「日本一貧乏な観光列車」が人気を集めるワケ

旅行会社のノウハウと鉄道好きの熱意が融合

トラピスト修道院最寄りの渡島当別駅を通過する「ながまれ海峡号」(筆者撮影)

全国で数多く走るようになった観光列車。それらの多くは、基本的に鉄道会社が沿線の商工会議所などの協力を得つつ企画し、走らせている。

ところが、2016年3月の北海道新幹線開業に合わせて並行在来線を受け継いだ第三セクター・道南いさりび鉄道の観光列車「ながまれ海峡号」は、大手旅行代理店である日本旅行が企画したものだ。

「ながまれ海峡号」は、優れた鉄道旅行商品を表彰する同年の「鉄旅オブザイヤー」のグランプリに輝いた。鉄道会社ではなく旅行会社が運行するという、従来の常識とは異なる観光列車はなぜ生まれ、どんな工夫が行われているのか。現地取材を踏まえ、その実態を紹介する。

「ながまれ海峡号」が生まれるまで

北海道新幹線の開業まで数年となったある日、北海道オプショナルツアーズの取締役である永山茂に、1本の電話がかかってきた。
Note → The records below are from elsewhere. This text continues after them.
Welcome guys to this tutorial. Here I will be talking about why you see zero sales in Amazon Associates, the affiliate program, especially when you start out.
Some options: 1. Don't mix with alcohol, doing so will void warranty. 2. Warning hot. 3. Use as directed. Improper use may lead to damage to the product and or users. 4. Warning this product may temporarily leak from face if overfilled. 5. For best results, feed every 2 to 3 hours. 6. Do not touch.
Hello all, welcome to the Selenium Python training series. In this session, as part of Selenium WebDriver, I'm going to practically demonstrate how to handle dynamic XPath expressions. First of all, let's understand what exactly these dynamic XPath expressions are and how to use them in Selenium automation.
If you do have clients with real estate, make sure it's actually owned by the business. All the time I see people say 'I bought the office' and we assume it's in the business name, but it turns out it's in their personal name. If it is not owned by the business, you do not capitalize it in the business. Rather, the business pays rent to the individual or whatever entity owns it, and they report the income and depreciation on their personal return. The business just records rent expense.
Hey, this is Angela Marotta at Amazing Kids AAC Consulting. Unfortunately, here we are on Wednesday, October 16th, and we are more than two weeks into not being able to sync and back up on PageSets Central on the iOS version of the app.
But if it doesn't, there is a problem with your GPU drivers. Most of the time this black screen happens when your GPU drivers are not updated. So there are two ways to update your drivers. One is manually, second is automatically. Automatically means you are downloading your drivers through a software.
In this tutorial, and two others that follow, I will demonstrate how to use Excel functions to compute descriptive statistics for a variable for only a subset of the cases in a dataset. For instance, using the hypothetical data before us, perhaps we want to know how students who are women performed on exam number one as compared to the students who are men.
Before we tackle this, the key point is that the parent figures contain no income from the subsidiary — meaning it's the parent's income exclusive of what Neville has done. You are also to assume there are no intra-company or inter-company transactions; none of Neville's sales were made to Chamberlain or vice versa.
電話の主は、北海道庁から木古内町役場に派遣され、新幹線開業時に第三セクター鉄道へ経営移管することになったJR江差線・五稜郭―木古内間の移管業務担当者だった。

北海道オプショナルツアーズは日本旅行の子会社で、訪日外国人向けの道内バスツアーを企画販売している会社だ。永山は、日本旅行入社時に北海道勤務を志願して以来、札幌を拠点に道内で数々の仕事をこなしてきたベテラン。学生時代に北海道の国鉄現役蒸気機関車に触れたことがきっかけで、北海道好きな鉄道趣味人として過ごしてきた。

永山は、鉄道趣味活動を活かして北海道鉄道観光資源研究会の代表も務めている。冒頭の電話は同会に対して、そのノウハウを使うことで、やがて誕生する第三セクター鉄道の活性化ができないかと相談する内容だった。依頼主である道庁からの派遣者も鉄道好きで、同会の活動を報道等で知っていたことから、永山にコンタクトをとってきたのだ。